Cavalier et militaire chilien

MENDOZA2Certains médaillés olympiques se sont « distingués » par la suite de façon déshonorable. Ainsi de César Mendoza. Cavalier de talent, César Mendoza remporta la médaille d’or dans le concours de saut d’obstacles par équipes aux Jeux panaméricains en 1951. L’année suivante, aux Jeux Olympiques d’Helsinki, il obtint une médaille d’argent dans la même épreuve. Il réussit ses dernières performances d’envergure aux Jeux panaméricains de 1959, où il s’adjugea une nouvelle médaille d’or.
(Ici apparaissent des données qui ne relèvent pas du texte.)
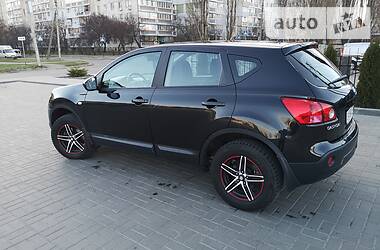 Позашляховик / Кросовер Nissan Qashqai 2009 в 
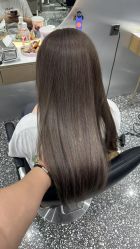 -Tloml salon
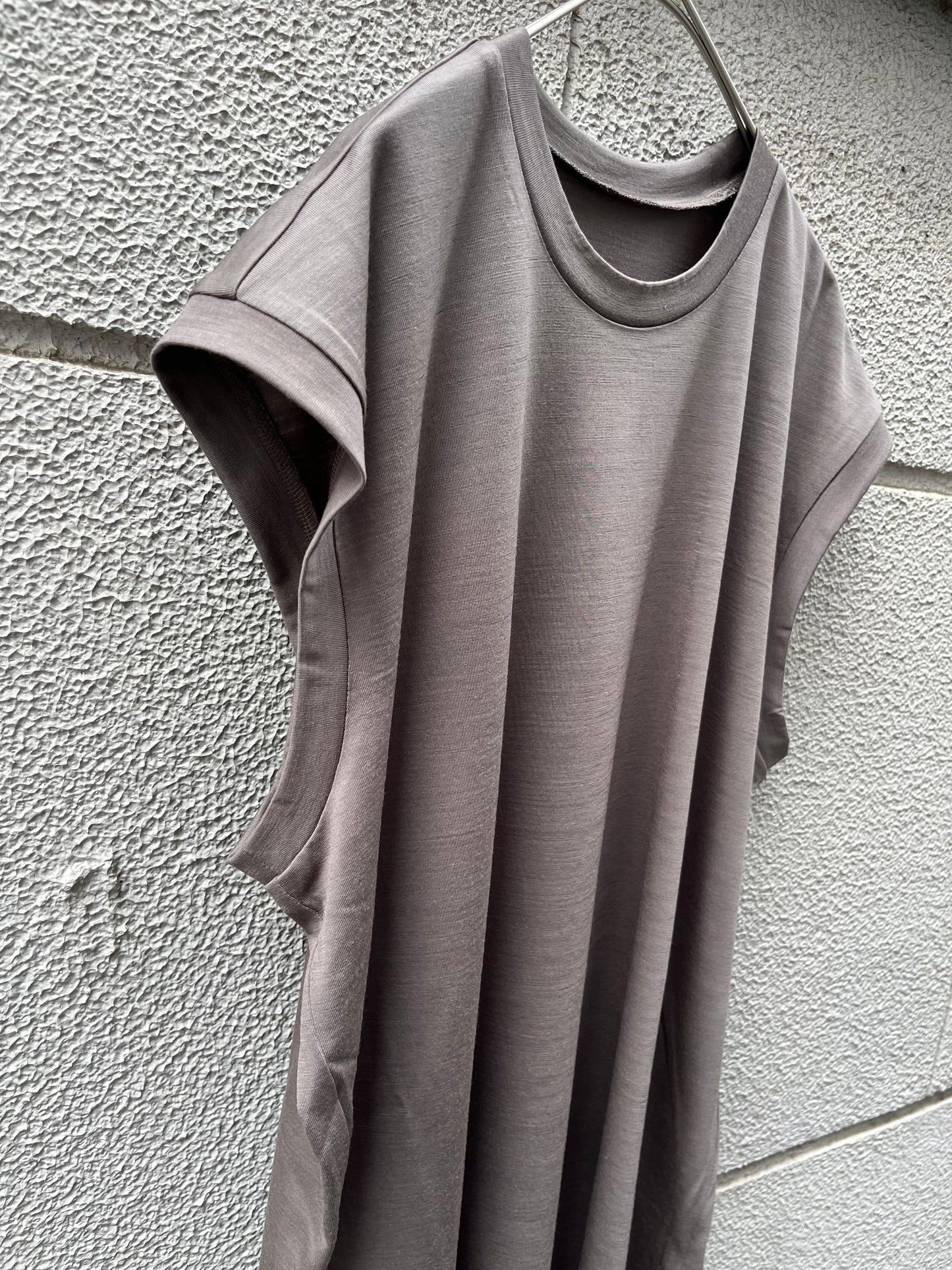 ［un /unbient] WASHABLE WOOL NO-SLEEVE TEE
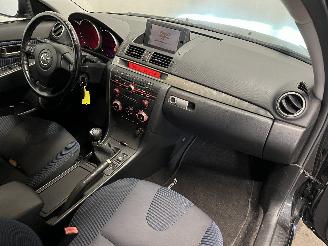 Mazda 3 3 (BK12) Sedan 2.0i 16V (LFN7) [110kW]  (10-2003/12-2009) picture 18
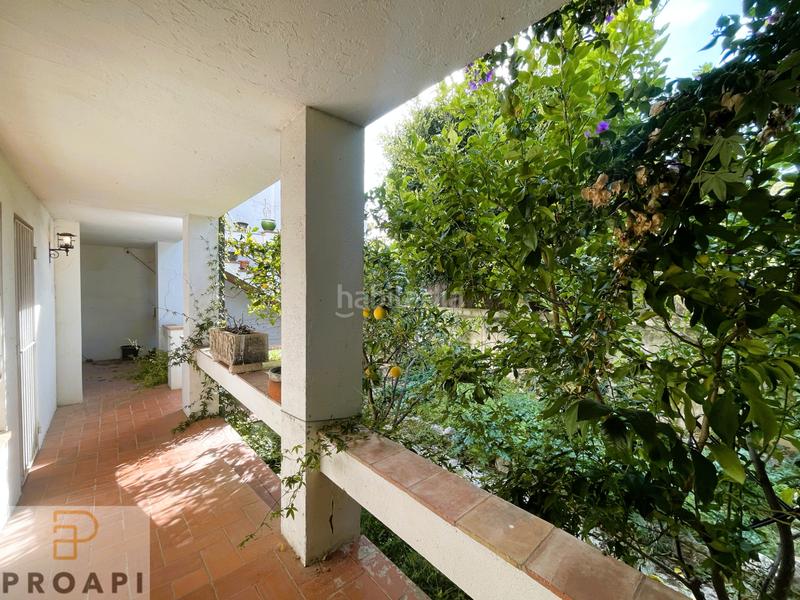 Foto 33dc76c3-5668-4aa8-908f-e894efbcd21f. Casa adosada amb jardí i ubicació excel·lent en Centre Palafrugell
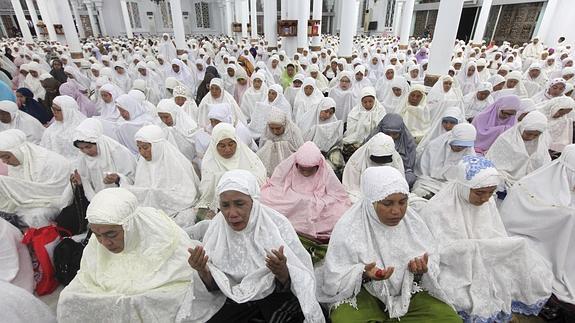 Miles de indonesios conmemoran el décimo aniversario del devastador tsunami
César Mendoza revint sur le devant de la scène en 1973 : il participa au coup d’État du 11 septembre qui renversa le gouvernement de Salvador Allende, et fit partie de la junte militaire qui gouverna le Chili d’une main de fer. César Mendoza devint alors commandant en chef des Carabiniers et le restera jusqu’en 1985. Le 30 mars de cette année-là, trois intellectuels communistes furent assassinés par les Carabiniers : cet événement, connu sous l’expression Caso Degollados (« Affaire des égorgés ») et emblématique des violations des droits de l’homme au Chili, contraint César Mendoza à démissionner le 2 août 1985. Mais il n’est pas jugé pour ses crimes : le régime de Pinochet promulgue la « loi Mendoza », laquelle permet à toute personnalité publique « investie de dignité » de refuser de témoigner devant les tribunaux.